# Problem ordering from Tesla store?



## Allen13331 (Aug 18, 2021)

We ordered our Tesla 3 in September 2021. We then ordered a ton of accessories from the Tesla Store but could not get the HomeLink until we received the car. We picked up our car November 16th 2021. As soon as we got back home we tried to order the HomeLink but the payment was rejected. We waited a couple of days to ensure the car had been transfer in the Tesla system. Again we tried to order but payment was again rejected. We tried adding cards but system would not save any new cards. I finally called our credit card company and they said that they had approved the order ten times but Tesla was refusing to take the order. We called Tesla and got the run around for several hours but finally got someone that knew something about the ordering process. He tried to place the order and got the same results.
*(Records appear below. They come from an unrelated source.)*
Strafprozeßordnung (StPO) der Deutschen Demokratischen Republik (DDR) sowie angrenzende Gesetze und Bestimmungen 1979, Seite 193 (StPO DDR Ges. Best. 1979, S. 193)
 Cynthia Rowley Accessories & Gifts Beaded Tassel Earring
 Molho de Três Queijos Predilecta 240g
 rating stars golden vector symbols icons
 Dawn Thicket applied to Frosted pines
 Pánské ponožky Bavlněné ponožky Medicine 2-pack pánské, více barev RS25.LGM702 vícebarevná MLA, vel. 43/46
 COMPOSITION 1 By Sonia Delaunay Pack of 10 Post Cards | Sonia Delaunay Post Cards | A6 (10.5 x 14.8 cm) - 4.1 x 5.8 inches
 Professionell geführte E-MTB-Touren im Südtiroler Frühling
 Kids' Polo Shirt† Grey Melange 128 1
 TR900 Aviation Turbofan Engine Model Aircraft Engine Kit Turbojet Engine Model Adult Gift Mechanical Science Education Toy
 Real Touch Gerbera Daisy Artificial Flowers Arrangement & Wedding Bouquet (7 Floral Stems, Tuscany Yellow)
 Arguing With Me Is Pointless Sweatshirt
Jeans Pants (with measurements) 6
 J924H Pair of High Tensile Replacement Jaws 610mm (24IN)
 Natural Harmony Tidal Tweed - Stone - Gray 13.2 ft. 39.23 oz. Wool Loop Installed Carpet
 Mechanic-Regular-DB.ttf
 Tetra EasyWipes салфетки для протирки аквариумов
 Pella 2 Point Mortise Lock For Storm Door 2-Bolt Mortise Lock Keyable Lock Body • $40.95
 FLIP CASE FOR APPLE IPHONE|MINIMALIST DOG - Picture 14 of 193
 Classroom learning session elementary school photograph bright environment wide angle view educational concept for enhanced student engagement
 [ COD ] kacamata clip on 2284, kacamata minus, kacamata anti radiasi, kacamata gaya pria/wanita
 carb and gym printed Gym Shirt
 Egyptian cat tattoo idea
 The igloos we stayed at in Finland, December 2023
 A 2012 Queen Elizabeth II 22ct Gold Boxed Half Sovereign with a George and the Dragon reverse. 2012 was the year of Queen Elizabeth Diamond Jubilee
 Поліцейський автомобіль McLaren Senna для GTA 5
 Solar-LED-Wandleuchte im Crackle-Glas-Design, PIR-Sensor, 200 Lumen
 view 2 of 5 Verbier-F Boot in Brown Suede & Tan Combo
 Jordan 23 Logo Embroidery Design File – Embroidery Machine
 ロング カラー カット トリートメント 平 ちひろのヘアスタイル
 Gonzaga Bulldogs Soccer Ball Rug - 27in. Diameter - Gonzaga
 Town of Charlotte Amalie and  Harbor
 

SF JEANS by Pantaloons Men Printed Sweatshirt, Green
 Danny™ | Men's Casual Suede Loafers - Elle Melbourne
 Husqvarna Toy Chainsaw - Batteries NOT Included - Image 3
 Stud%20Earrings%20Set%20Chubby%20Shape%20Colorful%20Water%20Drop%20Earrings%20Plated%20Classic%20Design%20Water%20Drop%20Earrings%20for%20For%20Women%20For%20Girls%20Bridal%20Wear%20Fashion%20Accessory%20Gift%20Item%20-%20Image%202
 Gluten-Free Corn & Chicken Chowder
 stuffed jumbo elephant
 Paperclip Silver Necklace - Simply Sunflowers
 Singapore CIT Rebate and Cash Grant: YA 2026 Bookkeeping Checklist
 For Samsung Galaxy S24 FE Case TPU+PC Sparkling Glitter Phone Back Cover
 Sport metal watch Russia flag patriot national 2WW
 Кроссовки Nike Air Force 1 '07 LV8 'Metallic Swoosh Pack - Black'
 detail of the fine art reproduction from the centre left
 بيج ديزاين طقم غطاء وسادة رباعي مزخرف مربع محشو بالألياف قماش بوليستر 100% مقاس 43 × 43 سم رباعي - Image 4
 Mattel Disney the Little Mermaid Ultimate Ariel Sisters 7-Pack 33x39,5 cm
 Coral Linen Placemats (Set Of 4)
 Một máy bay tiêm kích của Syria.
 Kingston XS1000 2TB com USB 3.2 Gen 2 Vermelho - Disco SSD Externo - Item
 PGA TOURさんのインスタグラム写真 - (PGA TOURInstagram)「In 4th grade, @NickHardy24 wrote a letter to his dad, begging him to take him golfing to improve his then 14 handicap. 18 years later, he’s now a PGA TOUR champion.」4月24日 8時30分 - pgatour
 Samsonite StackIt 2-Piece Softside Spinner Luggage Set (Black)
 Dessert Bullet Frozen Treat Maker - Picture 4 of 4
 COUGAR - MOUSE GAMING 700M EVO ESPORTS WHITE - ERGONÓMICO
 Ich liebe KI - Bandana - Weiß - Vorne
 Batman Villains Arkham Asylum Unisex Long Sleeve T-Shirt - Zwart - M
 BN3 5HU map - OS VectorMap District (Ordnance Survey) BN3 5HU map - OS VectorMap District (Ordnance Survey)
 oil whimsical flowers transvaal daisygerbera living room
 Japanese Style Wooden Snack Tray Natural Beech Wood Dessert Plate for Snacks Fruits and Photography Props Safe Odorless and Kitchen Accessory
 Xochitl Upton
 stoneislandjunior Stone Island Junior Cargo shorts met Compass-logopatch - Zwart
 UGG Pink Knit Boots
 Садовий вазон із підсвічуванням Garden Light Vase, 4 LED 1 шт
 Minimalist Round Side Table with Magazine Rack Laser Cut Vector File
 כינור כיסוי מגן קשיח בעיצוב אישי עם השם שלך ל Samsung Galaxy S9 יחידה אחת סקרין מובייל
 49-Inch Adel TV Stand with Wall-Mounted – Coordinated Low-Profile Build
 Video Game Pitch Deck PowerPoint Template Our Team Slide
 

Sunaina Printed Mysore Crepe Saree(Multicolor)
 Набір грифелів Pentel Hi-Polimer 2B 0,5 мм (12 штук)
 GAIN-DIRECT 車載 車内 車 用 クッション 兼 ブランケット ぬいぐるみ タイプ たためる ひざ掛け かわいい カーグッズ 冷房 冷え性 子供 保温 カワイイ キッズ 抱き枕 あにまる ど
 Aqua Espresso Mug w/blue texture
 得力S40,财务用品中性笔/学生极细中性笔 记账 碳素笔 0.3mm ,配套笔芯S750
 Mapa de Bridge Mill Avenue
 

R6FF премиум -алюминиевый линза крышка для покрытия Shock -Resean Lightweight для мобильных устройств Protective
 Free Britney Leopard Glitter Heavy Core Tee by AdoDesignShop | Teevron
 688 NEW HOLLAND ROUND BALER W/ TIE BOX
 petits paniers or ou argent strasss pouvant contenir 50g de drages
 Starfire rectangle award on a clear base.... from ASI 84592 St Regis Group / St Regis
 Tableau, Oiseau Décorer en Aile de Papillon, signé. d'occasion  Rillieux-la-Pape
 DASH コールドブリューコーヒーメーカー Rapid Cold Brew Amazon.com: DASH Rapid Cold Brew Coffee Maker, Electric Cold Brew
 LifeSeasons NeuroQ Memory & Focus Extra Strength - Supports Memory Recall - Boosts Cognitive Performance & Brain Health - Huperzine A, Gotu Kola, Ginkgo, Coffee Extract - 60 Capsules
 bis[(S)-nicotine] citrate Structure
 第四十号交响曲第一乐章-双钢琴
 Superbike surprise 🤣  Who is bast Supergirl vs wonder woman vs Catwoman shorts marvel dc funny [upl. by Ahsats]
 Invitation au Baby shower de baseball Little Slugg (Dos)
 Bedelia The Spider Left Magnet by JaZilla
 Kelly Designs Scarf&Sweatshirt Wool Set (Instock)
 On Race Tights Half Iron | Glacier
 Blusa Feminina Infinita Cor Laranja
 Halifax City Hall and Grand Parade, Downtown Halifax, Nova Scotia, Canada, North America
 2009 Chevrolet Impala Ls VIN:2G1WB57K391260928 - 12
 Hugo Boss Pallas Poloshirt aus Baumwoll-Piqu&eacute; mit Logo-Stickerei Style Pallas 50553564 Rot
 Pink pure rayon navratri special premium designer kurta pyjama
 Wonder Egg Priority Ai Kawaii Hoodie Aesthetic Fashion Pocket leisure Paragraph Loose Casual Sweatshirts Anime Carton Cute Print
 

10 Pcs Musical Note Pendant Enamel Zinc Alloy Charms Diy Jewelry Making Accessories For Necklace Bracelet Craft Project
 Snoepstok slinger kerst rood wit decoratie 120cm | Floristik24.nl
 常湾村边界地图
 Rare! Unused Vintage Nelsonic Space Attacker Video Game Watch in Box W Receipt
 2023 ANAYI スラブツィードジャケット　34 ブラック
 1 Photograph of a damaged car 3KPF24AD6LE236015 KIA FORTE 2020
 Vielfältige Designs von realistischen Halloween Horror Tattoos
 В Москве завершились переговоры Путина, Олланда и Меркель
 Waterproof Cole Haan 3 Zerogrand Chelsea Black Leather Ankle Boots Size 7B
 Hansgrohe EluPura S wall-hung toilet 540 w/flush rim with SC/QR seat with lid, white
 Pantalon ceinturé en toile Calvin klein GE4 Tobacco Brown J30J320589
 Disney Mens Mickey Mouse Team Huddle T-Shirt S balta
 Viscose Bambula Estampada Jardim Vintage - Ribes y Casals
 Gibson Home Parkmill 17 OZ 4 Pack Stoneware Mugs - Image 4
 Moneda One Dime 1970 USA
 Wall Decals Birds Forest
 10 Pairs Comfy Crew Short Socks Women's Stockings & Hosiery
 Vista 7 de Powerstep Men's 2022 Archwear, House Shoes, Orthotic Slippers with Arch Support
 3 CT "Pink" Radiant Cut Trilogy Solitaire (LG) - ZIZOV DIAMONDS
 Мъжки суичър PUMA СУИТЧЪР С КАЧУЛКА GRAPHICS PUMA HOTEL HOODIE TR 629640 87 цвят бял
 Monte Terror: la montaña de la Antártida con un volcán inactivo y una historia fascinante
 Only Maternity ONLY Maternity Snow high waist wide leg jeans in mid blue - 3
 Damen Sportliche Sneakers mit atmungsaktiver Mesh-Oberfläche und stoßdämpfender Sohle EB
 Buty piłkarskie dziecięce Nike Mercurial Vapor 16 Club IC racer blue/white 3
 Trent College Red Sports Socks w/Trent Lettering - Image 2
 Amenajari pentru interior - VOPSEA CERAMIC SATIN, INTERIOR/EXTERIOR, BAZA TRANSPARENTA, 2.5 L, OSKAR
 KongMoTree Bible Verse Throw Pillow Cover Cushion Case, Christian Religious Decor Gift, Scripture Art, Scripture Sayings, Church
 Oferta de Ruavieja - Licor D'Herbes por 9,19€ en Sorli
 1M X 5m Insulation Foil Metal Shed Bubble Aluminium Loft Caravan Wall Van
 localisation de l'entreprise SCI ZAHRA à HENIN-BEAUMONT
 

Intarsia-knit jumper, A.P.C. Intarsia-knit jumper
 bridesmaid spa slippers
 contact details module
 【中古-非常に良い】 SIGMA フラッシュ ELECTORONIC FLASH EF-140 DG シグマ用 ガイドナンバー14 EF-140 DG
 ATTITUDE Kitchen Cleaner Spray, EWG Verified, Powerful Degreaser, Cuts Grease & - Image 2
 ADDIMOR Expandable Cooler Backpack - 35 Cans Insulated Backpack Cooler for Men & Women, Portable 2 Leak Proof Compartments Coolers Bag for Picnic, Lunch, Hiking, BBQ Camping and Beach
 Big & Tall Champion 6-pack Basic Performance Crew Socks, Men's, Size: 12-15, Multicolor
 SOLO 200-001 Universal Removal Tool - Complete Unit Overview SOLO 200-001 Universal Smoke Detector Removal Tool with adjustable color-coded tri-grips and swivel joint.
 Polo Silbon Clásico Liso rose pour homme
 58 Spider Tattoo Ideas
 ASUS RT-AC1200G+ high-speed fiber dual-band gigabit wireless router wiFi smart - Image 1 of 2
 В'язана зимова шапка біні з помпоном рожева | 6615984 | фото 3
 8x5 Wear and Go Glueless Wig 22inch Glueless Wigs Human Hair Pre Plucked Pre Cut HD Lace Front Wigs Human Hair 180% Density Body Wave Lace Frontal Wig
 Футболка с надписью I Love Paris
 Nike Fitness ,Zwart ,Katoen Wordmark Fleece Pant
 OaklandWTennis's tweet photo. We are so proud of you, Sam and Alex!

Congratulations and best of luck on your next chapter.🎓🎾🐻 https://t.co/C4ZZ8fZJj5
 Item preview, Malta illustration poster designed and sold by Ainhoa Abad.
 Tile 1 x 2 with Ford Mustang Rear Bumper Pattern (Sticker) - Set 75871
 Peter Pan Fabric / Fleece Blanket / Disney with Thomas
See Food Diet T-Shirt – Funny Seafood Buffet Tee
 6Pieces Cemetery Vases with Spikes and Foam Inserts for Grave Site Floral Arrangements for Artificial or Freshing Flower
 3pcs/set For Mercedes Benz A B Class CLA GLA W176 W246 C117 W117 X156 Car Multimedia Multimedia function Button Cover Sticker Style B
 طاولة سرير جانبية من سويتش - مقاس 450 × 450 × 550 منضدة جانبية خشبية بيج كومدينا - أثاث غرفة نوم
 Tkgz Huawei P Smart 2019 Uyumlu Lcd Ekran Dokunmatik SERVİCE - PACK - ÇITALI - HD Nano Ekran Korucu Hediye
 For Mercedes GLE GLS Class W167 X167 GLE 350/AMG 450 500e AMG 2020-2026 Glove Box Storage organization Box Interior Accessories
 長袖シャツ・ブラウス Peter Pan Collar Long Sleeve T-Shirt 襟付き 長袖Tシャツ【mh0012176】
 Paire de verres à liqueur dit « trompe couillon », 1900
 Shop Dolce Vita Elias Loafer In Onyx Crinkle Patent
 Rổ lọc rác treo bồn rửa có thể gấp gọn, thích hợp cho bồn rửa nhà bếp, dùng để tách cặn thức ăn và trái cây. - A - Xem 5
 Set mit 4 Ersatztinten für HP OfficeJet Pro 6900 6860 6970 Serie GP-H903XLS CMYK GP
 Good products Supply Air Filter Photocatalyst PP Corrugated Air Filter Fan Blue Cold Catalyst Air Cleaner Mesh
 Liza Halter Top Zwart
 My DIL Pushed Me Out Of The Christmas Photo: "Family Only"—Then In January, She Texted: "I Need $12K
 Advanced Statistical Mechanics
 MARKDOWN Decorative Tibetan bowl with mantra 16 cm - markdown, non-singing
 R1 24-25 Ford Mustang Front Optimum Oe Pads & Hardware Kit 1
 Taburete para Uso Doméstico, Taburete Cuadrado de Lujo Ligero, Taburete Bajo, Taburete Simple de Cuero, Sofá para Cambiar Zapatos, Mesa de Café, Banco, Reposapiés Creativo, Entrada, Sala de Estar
He said he would investigate and text what he found out. When the text arrived it said there was a problem on Tesla’s end and he would try to clear the problem.

All we want to do is order a damn HomeLink!

Has anyone else had a problem ordering from the Tesla Store lately, in particular the HomeLink. I am wondering if they have removed that option for the 2022 Teslas.

Any help appreciate.


----------



## garsh (Apr 4, 2016)

IIRC, Tesla will only sell you a homelink if you have a VIN. Perhaps that's the issue?


----------



## Allen13331 (Aug 18, 2021)

Thanks for the idea but we have had our Tesla for several days. Ironically I tried placing the order today and it worked just fine. It was a problem with the Tesla system. It only took me 15 attempts.


----------



## ggmum123 (11 mo ago)

Allen13331 said:


> We ordered our Tesla 3 in September 2021. We then ordered a ton of accessories from the Tesla Store but could not get the HomeLink until we received the car. We picked up our car November 16th 2021. As soon as we got back home we tried to order the HomeLink but the payment was rejected. We waited a couple of days to ensure the car had been transfer in the Tesla system. Again we tried to order but payment was again rejected. We tried adding cards but system would not save any new cards. I finally called our credit card company and they said that they had approved the order ten times but Tesla was refusing to take the order. We called Tesla and got the run around for several hours but finally got someone that knew something about the ordering process. He tried to place the order and got the same results. He said he would investigate and text what he found out. When the text arrived it said there was a problem on Tesla's end and he would try to clear the problem.
> 
> All we want to do is order a damn HomeLink!
> 
> ...


I'm having this exact same problem right now! I've used 4 different cards including credit cards I'm so irritated I'm ready to return the Tesla right now! Did you all ever get anywhere with getting it??


----------